We've had one these conversations a few days ago and I am finding myself in a position where I will try (again) to make it work. Even though We've bee there before and it didn't work. Even though, after all these years, I have lost trust and can't see how I could recover from that.

So how on earth will I be able to tell him it's finished?

SagaciousCloud Sat 16-Jul-11 21:57:21

Do you think that you need his agreement or permission to get divorced?

Start doing some research about divorce, find a solicitor, start copying essential documents. Don't wait for him to do something he doesn't want to do.

MadamM Sat 16-Jul-11 22:02:49

No it's not that. More that I still care enough about him not to want make him suffer (and all the threads on here about a DW whose H has left leaves me in no doubt that he will find it hard).

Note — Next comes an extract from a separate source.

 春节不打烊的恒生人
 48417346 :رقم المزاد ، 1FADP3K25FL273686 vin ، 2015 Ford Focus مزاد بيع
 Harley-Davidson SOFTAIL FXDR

but I am not in love with him anymore (+ a lot of other things)

MadamM Sun 17-Jul-11 10:17:38

bump

ChasingSquirrels Sun 17-Jul-11 10:22:03

While it isn't so bad that you end it - is it actually over?
I guess everyone has a threshold (different for everyone) at which point they will say "enough is enough".
How do you tell him? When you reach your threshold I guess.

It is horrible, for everyone, take care.

MadamM Sun 17-Jul-11 10:40:51

Is it over? I don't enjoy spending time with him, I find him more and more irritating. We haven't had sex for months (and very little for years). Now really because I can't face having sex with him. There is no intimacy.
So yes I think we can say it's over, at least for myself.

You are right in some ways I haven't reach my threshold. but then I can see things slowly getting worse and it looks like a long slow torture for everyone concerned (It is obvious to me that neither of us are happy in the current situation). I am not sure it's the best way to go.

MuthaHubbard Sun 17-Jul-11 11:41:38

sounds rather similar to how things where with my xh (though without the crying - would just laugh it off and stick head further in sand).

i did reach my threshold when he booked a holiday for himself to visit his family (in south africa) without telling me. i LOVED him not being there and that's when i sought legal advice and built up the courage to tell him. we met for lunch and i told him (figured that at least in a public place he wouldn't kick off/get upset etc) and once we talked and realised both where to blame and i wasn't after anything or wanting to take the kids away from him, things were v amicable.

MadamM Sun 17-Jul-11 13:56:35

Sticking head in the sand ... that sounds familiar too.

sadsad

FabbyChic Sun 17-Jul-11 13:59:48

If you want to be happy you have to get up the guts to either leave or ask him to.